Dans mon précédent et premier billet, j’avais expliqué comment, petit à petit, j’en étais arrivé à vouloir me lancer dans la construction d’une cuisinière de masse, dans le cadre de la rénovation d’une maison dans les monts du Cantal.
La phase de recherches a été très longue et souvent infructueuse, notamment à cause du fait qu’on ne trouvait sur le web francophone pas grand-chose au sujet des cuisinières de masse, si ce n’est quelques photos de cuisinières complètement finies et fonctionnelles sur les sites pro des artisans les ayant construites. C’est finalement sur le web anglophone que j’ai fini par trouver quelques ressources intéressantes, dont des schémas de cœurs de chauffe pour cuisinière de masse, et des suggestions de plans dans lesquels les intégrer afin de construire une cuisinière fonctionnelle. Ces ressources n’avaient pas vocation à constituer un mode d’emploi « clés en main », mais expliquaient quelques principes généraux sur la conception et la réalisation de ces cuisinières, sur les matériaux à utiliser et comment se les procurer, ainsi que sur les principaux écueils à éviter lorsqu’on se lance dans ce genre de projet.
Une des choses qui m’ont frappé, c’est que ces ressources semblaient présenter des cuisinières de masse qui, dans leur utilisation, se rapprochaient bien plus des cuisinières à bois classiques que des cuisinières de masse « à l’européenne » que j’avais eu l’occasion de voir en photo. Je prendrais un jour le temps de développer ça plus en détails. Mais pour faire simple, ces cuisinières étaient construites autour d’un cœur de chauffe de petite capacité, conçu pour être rechargé toutes les 20-25 minutes par de petites quantités de bois successives pendant une durée totale pouvant s’étendre entre 1h et 3h jusqu’à ce que les besoins de chauffage et/ou de cuisson soient satisfaits ; là où les cuisinières européennes étaient conçues autour d’un foyer de grande capacité destiné à être chargé en une seule et unique fois, avec une fois le feu allumé un délai inflexible d’environ 1h à 1h30 pour cuisiner. J’étais au final assez content d’être tombé sur cette variante « à l’anglo-saxonne », car de prime abord, cela me paraissait plus simple de gérer la préparation d’un repas sur une plaque de cuisson dont le profil de température reste constant toute la durée de son utilisation grâce aux rechargements fréquents, et aussi plus confortable de pouvoir faire varier la quantité d’énergie de chauffage injectée dans la maison en ajustement le nombre de rechargements du foyer.
Après un temps raisonnable de réflexion, et sur la base des conseils que j’avais pu recueillir, j’ai décidé de me lancer, et j’ai commandé une bonne partie des matériaux dont j’allais avoir besoin.

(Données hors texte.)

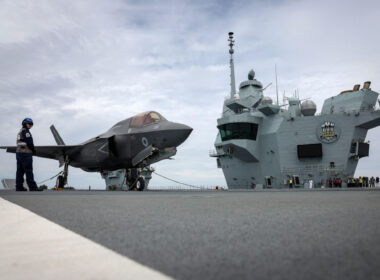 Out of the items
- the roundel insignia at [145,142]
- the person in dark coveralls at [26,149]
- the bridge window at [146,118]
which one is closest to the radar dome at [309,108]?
the bridge window at [146,118]

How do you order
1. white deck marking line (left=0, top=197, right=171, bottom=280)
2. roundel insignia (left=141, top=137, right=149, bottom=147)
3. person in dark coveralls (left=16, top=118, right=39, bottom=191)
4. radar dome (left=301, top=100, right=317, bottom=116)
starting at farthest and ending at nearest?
radar dome (left=301, top=100, right=317, bottom=116), roundel insignia (left=141, top=137, right=149, bottom=147), person in dark coveralls (left=16, top=118, right=39, bottom=191), white deck marking line (left=0, top=197, right=171, bottom=280)

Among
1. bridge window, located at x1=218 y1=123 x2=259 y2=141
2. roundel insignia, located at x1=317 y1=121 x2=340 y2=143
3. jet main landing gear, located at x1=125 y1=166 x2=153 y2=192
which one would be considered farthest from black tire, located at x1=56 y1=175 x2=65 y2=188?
roundel insignia, located at x1=317 y1=121 x2=340 y2=143

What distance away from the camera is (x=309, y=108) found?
3428 centimetres

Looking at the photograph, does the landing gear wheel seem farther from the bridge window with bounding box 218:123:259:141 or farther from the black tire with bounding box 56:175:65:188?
the bridge window with bounding box 218:123:259:141

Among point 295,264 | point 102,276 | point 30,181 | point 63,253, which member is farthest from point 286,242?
point 30,181

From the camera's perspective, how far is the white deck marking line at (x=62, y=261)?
989 millimetres

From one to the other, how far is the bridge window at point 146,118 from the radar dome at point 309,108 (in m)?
25.9

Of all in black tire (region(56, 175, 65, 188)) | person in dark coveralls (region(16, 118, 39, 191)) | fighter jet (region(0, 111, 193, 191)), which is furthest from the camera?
black tire (region(56, 175, 65, 188))

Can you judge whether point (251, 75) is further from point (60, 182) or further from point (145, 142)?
point (60, 182)

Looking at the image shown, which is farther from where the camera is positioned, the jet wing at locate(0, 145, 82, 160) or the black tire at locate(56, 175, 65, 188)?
the jet wing at locate(0, 145, 82, 160)

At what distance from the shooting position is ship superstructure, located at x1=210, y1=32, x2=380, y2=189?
107ft

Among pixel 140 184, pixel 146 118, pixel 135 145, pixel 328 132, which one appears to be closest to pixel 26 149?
pixel 135 145

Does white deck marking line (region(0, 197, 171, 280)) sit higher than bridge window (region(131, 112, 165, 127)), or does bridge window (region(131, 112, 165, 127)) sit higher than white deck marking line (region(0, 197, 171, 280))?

J’avais donc à ma disposition des panneaux de fibres céramiques compressées pour réaliser le cœur de chauffe, une porte de foyer et une porte de four compatibles avec le design retenu en terme de dimensions d’encastrement, et surtout ce qui allait constituer le corps (c’est à dire la masse) du poêle : des briques de terre crue, et leur mortier d’assemblage dédié, mélange d’argile et de sable. Contrairement à ce qui relevait de la conception, le choix de ces briques a été fait sur recommandation de la communauté francophone des low-tech et de la construction écologique en général. On le verra plus tard, mais ça s’est avéré être un choix très discutable, et même si ça n’a pas remis en cause la construction de cette première cuisinière, je ne réutiliserai plus ces briques pour construire un tel ouvrage désormais.
Le chantier a pu ensuite commencer !
Etant sur une dalle béton assez solide, aucune préparation particulière n’a été nécessaire si ce n’est un petit ragréage de moins d’un centimètre histoire de partir sur un niveau parfait et gommer les reliefs du carrelage posé de façon approximative par l’ancien propriétaire.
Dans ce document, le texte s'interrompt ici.